**Supplied material**:
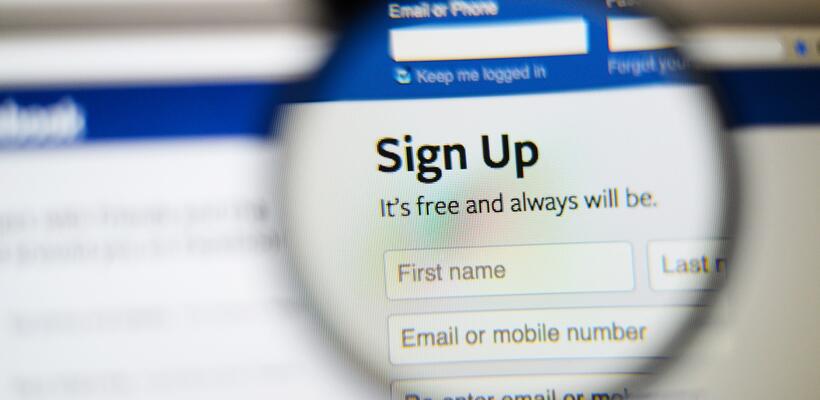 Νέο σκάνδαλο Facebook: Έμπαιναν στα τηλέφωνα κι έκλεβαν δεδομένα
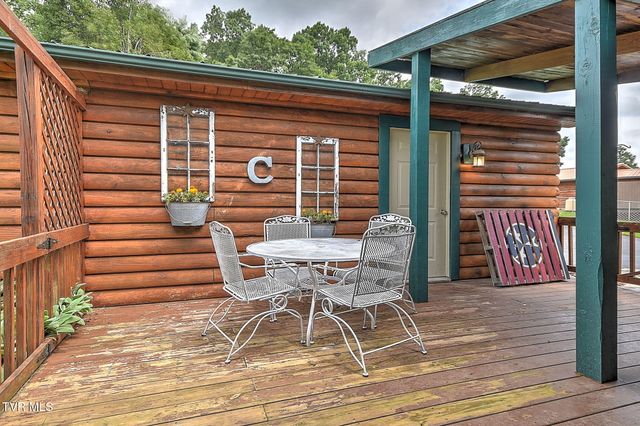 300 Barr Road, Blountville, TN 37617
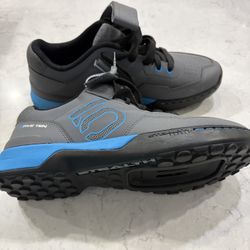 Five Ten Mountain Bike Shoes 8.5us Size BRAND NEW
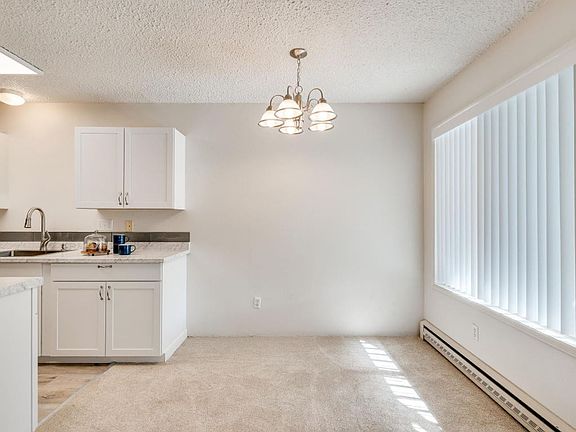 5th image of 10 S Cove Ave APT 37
...
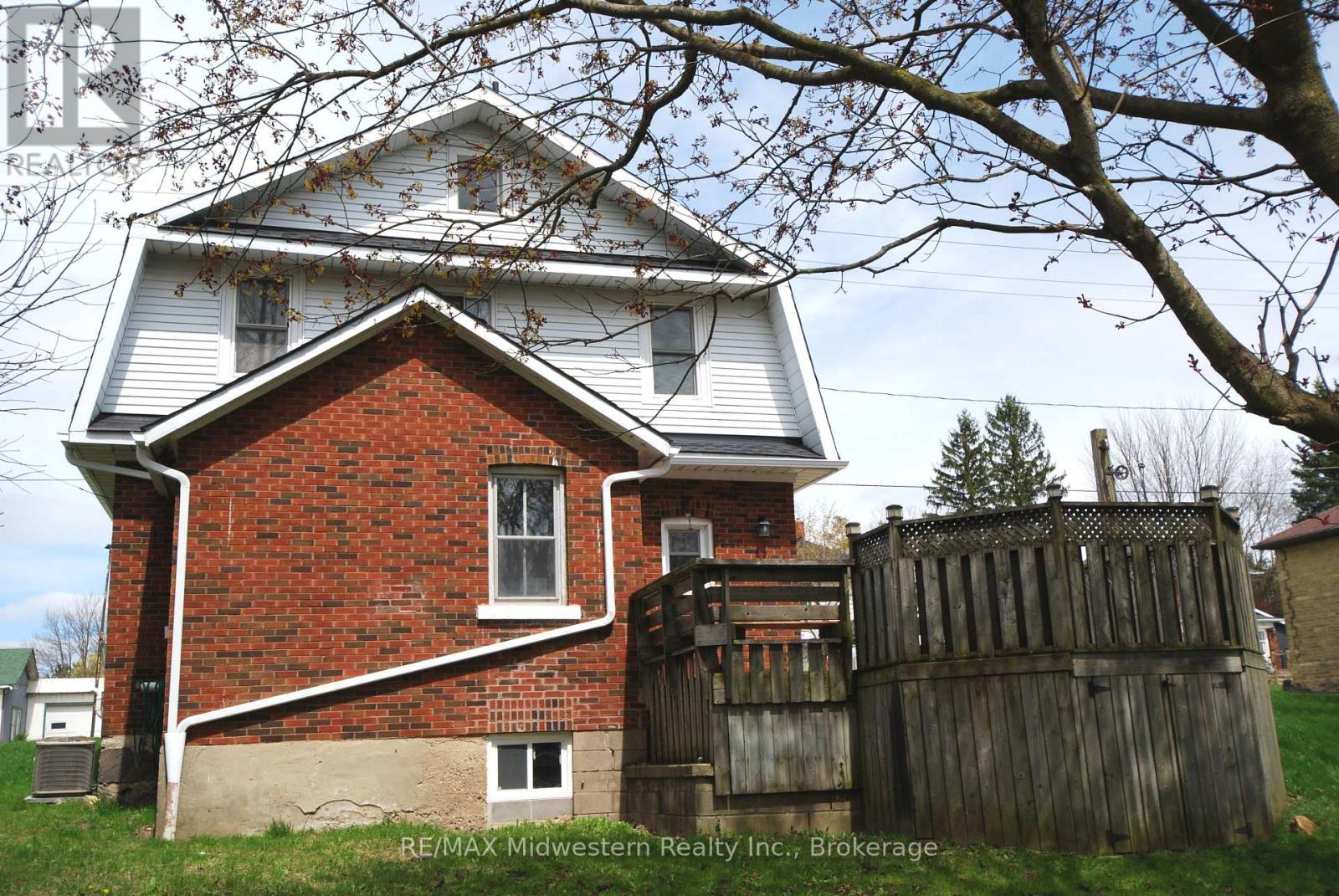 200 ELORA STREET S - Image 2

**Exercise requirements**: From the data above, return only the lines starting at the line that holds "Νέο σκάνδαλο Facebook: Έμπαιναν" and ending at the line that holds "5th image of 10 S Cove Ave APT 37", word for word and without pictures.

**Solution for this problem**:
 Νέο σκάνδαλο Facebook: Έμπαιναν στα τηλέφωνα κι έκλεβαν δεδομένα
 300 Barr Road, Blountville, TN 37617
 Five Ten Mountain Bike Shoes 8.5us Size BRAND NEW
 5th image of 10 S Cove Ave APT 37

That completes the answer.